Most attend their local madrassa

The BBC is so stupid sometimes – so conformist and reactionary and authoritarian. There’s this piece on UK madrassas “modernizing” for example.

Most mosques have their own madrassa or religious school. Larger mosques can have a number of them, and they all form an integral part of the local community.

In close knit neighbourhoods most Muslim children regularly attend their local madrassa, in part due to peer pressure, as everyone living near the mosque does so.

See what they did there? (I say “they” even though the article has a byline, Sanjiv Buttoo, because the Beeb has a house style and this piece is typical.) See how they dressed up the situation by invoking “the local community” and “close knit neighbourhoods,” which sound cozy and loving rather than stifling and coercive? They did admit that there’s peer pressure, but they softened that blow by first tucking us into the arms of the local close knit community neighborhood.
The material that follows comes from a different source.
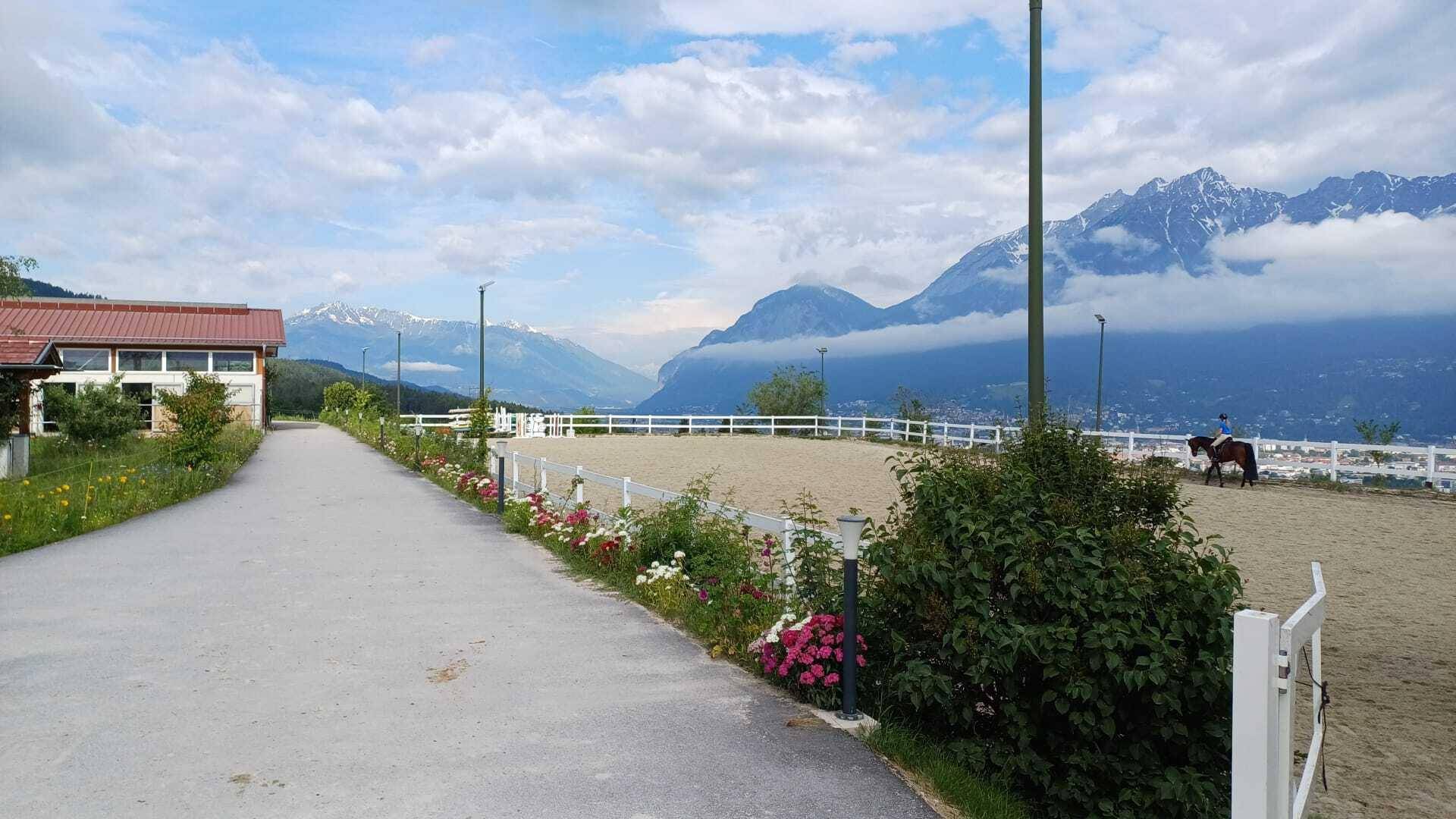 Zufahrtsweg zum Anwesen mit blühenden Blumenbeeten und Blick auf den Reitplatz und die Berge.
There’s also a total failure to question the value of what is learned in madrassas.

Unlike older mosques, children sit at desks and chairs, instead of the floor,
and although everyone has to learn Arabic so they can read the Koran, classes are taught in English.

Mohammed Sarfaraz is one of the teachers who works here. He said: “It’s
different to when we grew up when we could not understand Urdu very well. In my class we all speak English as it is the mother tongue of all the students.

“The benefits are that they learn quicker and they remember more, and at the end of the day what they learn, they can put to use in their everyday lives.”

In other words they can learn The Rules as laid down by a guy who lived in the Arabian peninsula 14 centuries ago. Totes modern.